I look back now and understand that it was God
directing my life in a different direction.
I married my wife and we had our first son when
I was twenty one. It was then that I began to think seriously about where I was
going in life.
The life I was living wasn’t the best for me
neither for my wife. I was bringing heartache, suffering and shame to my wife myself
and my little son because of the sins that controlled my mind my heart and my
body.
During the first three years of our marriage my
wife and I separated from each other many times because of my heavy drinking
and carousing. We were at the brink of divorce when I realized that I did not
want to lose my family and things would have to change with me if I was going
to keep them in my life.
One Saturday night a short while after I begin
to awaken from the sad condition I was in my wife and I were invited to attend
a church service at a little street mission in the city of New Albany, Indiana.
It was that night my life was changed forever
God spoke to my heart and invited me to enlist in His army.
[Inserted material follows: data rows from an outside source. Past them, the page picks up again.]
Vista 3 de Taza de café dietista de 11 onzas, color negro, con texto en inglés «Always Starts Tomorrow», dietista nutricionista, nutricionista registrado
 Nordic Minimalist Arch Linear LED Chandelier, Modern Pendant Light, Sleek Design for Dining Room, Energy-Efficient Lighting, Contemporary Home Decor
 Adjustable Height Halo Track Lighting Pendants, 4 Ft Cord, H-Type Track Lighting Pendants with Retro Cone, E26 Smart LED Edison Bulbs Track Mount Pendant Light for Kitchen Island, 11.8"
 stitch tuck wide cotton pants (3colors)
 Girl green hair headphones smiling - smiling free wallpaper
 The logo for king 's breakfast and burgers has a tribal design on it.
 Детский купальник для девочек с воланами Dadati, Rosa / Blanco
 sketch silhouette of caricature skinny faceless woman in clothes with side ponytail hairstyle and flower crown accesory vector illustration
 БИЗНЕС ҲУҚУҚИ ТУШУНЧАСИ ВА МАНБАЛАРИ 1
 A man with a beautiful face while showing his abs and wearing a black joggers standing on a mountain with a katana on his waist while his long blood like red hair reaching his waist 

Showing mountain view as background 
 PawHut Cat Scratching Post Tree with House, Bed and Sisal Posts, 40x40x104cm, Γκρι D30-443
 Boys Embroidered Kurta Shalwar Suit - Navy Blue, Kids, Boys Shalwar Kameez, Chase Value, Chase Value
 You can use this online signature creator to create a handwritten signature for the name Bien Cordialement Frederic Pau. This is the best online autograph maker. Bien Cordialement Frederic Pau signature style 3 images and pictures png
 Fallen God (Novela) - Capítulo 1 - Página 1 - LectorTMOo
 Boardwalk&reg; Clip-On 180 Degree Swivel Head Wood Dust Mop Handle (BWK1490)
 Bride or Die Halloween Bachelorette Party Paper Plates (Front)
My duty from that
night on would be to fight the enemy of all souls Satan and the enemies of the
kingdom of Almighty God.
When God’s holy Spirit brought deep conviction
of my sins to my heart I willingly repented and said yes Lord here am I please
make me a soldier of your army I want to live and devote my life a service to
others sharing with them your love mercy and grace.
I found that God’s requirements for service were
not like man’s military requirements.
God received me just like I was sick body, sick
mind all covered with sin and wickedness. He forgave my sins, He healed my sicknesses,
and He cleansed my mind and gave me a new heart to serve Him in this wicked
world that we live in.
Since then He has blessed my life and given me
and my family so many wondrous miracles that to speak of all of them would take
more time and fill more books than I could ever have time to write.
I am no longer disappointed that I could not
serve in our United States military because I was chosen of Almighty God to
serve my fellow human beings in a much higher calling.
Unlike the military services of our country when
a soldier gets too old to be of service he is retired.
I was a young man when I volunteered for service
to the Lord now I am an old man my body is weak my mind is sound and my heart
is strong and God renews my inward man day by day.
From my service in the army of God I will not
retire I will be promoted to higher service one day in heaven.
I will someday hear the voice of my lord say,
His lord said unto him, Well done, thou good and
faithful servant: thou hast been faithful over a few things, I will make thee
ruler over many things: enter thou into the joy of thy lord.
Matthew 25:21(KJV)
Revelation 19:14 (KJV)
14 And the
armies which were in heaven followed him upon white horses, clothed in fine
linen, white and clean.
Revelation 19:19 (KJV)
19 And I saw the beast, and
the kings of the earth, and their armies, gathered together to make war against
him that sat on the horse, and against his army.